# What is required:
Pictures in the records are to be excluded from an otherwise exact copy.

# Records for this exercise:
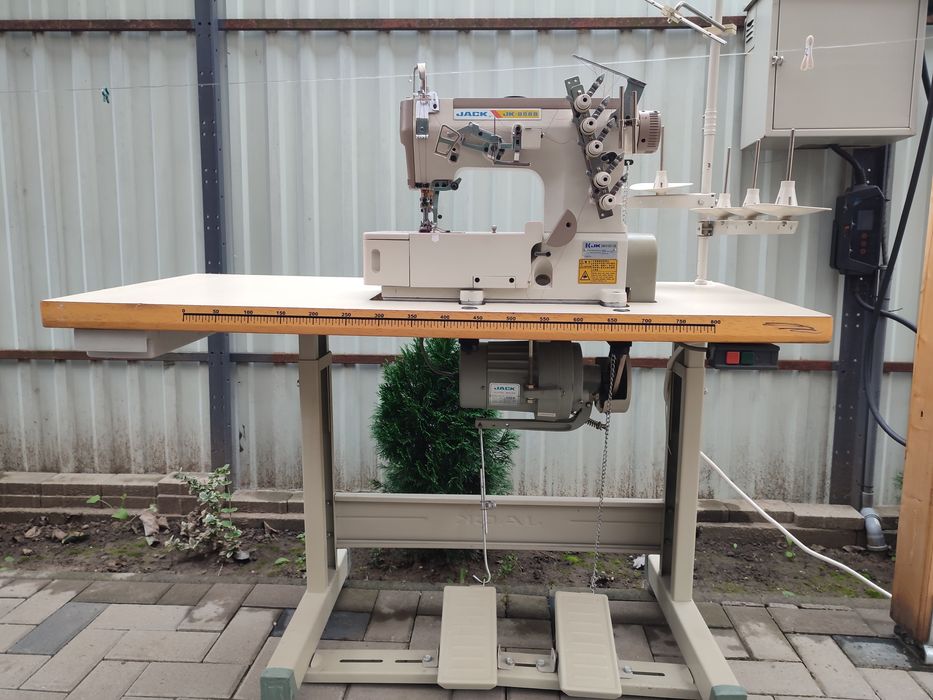 Masina de cusut/uberdeck/de acoperire : Jack/Model JK8568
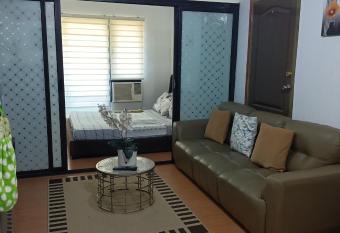 one oasis in cdo has Balcony rooms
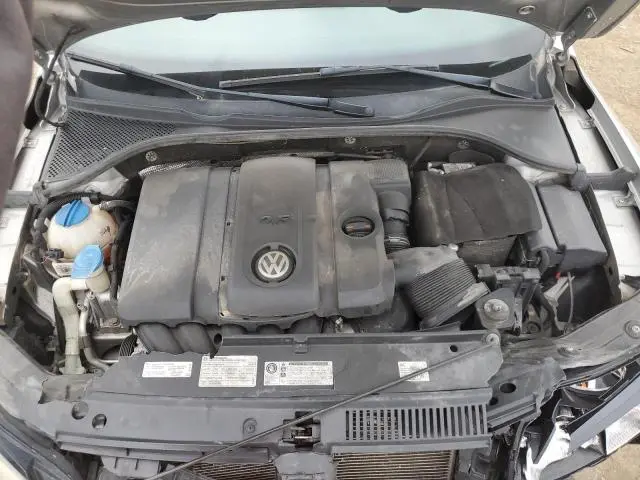 2012 VOLKSWAGEN PASSAT SE  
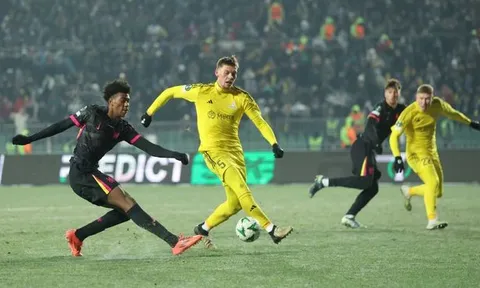 CĐV phát cuồng về sao trẻ Chelsea: "Cậu ấy sẽ trở thành hậu vệ xuất sắc bậc nhất thế giới!"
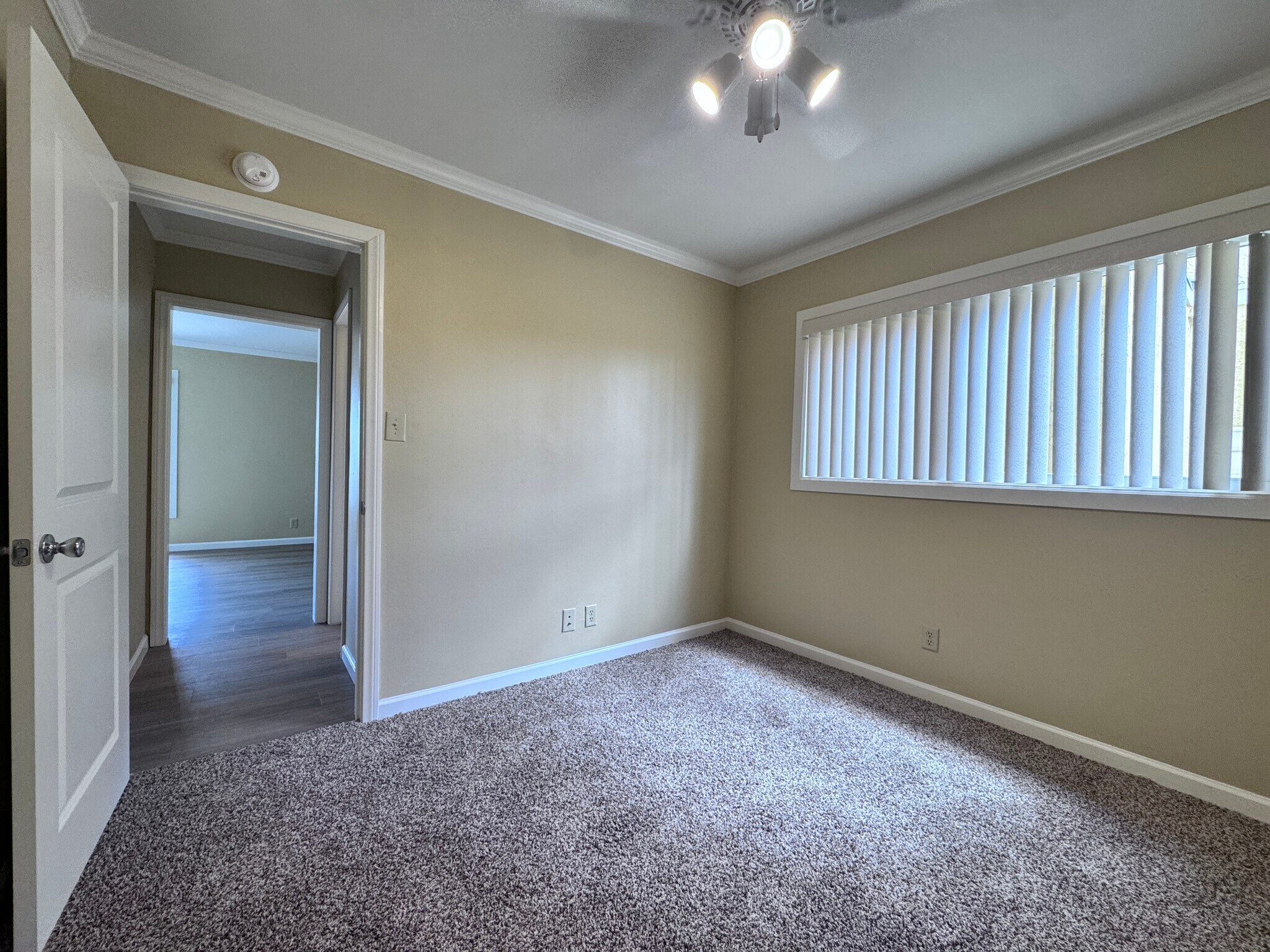Building Photo - 3676 Redondo Beach Blvd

# Problem solution:
 Masina de cusut/uberdeck/de acoperire : Jack/Model JK8568
 one oasis in cdo has Balcony rooms
 2012 VOLKSWAGEN PASSAT SE  
 CĐV phát cuồng về sao trẻ Chelsea: "Cậu ấy sẽ trở thành hậu vệ xuất sắc bậc nhất thế giới!"
Building Photo - 3676 Redondo Beach Blvd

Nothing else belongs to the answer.